- [Your task]
Only those lines in the data below from the line containing "Silicone Facial Mask" through the line containing "Blancheporte T-shirt rayé", both included, should be restated word for word.

Start of Data to examine

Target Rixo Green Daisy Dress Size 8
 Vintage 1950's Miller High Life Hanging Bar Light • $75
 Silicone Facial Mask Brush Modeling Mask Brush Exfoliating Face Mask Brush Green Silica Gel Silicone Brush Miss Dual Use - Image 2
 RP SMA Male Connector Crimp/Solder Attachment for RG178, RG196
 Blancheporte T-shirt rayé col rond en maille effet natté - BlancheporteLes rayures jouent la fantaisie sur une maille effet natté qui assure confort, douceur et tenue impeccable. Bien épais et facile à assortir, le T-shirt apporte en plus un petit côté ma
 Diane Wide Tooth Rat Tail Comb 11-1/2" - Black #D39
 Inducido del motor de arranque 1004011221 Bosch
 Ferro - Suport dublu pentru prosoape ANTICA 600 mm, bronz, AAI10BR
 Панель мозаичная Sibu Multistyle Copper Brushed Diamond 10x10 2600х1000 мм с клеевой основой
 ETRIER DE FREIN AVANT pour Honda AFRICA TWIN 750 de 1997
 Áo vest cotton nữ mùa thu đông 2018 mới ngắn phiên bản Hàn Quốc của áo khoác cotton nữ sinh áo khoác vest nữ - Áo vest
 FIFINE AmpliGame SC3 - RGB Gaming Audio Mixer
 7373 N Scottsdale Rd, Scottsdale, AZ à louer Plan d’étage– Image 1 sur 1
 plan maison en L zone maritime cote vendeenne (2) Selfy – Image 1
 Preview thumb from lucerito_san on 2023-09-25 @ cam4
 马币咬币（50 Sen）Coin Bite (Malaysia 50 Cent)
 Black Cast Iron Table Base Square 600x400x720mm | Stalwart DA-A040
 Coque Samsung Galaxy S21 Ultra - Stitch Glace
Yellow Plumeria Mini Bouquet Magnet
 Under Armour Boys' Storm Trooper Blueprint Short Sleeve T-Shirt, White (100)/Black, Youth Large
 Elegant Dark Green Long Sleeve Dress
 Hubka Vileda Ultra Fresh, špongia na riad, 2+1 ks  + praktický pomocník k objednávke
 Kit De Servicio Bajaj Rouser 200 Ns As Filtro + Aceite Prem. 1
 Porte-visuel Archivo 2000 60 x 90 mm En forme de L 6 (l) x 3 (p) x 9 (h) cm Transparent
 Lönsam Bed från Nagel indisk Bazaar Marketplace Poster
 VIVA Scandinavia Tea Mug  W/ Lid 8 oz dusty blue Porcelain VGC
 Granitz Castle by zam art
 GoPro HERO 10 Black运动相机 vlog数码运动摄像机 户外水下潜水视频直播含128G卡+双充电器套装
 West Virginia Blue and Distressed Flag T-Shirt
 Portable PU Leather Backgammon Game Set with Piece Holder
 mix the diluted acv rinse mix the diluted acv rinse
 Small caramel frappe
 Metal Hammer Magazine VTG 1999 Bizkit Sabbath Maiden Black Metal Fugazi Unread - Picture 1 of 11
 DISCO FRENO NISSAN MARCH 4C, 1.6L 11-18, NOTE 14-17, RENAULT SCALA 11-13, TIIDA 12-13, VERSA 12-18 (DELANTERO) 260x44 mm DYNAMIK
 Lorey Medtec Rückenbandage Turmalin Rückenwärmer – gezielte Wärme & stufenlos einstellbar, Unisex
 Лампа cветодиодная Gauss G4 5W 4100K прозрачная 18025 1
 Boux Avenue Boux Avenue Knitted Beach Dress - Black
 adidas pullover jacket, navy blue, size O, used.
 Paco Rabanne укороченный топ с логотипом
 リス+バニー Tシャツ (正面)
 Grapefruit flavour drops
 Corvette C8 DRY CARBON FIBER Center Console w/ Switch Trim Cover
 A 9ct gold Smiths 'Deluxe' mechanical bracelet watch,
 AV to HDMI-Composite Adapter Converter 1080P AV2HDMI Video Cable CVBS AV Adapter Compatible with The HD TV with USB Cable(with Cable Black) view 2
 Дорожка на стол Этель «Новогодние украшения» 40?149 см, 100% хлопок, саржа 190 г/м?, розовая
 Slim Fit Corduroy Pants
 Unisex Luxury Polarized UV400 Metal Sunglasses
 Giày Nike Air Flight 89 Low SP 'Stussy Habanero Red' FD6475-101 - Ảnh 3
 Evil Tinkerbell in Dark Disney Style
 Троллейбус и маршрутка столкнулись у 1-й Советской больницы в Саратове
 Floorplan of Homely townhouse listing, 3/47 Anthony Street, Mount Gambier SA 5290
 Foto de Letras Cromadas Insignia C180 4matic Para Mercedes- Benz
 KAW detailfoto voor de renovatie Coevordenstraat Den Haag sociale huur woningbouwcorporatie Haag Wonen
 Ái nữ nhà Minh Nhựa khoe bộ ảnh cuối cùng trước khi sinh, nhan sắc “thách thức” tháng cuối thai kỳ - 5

End of Data to examine

- [Response]
 Silicone Facial Mask Brush Modeling Mask Brush Exfoliating Face Mask Brush Green Silica Gel Silicone Brush Miss Dual Use - Image 2
 RP SMA Male Connector Crimp/Solder Attachment for RG178, RG196
 Blancheporte T-shirt rayé col rond en maille effet natté - BlancheporteLes rayures jouent la fantaisie sur une maille effet natté qui assure confort, douceur et tenue impeccable. Bien épais et facile à assortir, le T-shirt apporte en plus un petit côté ma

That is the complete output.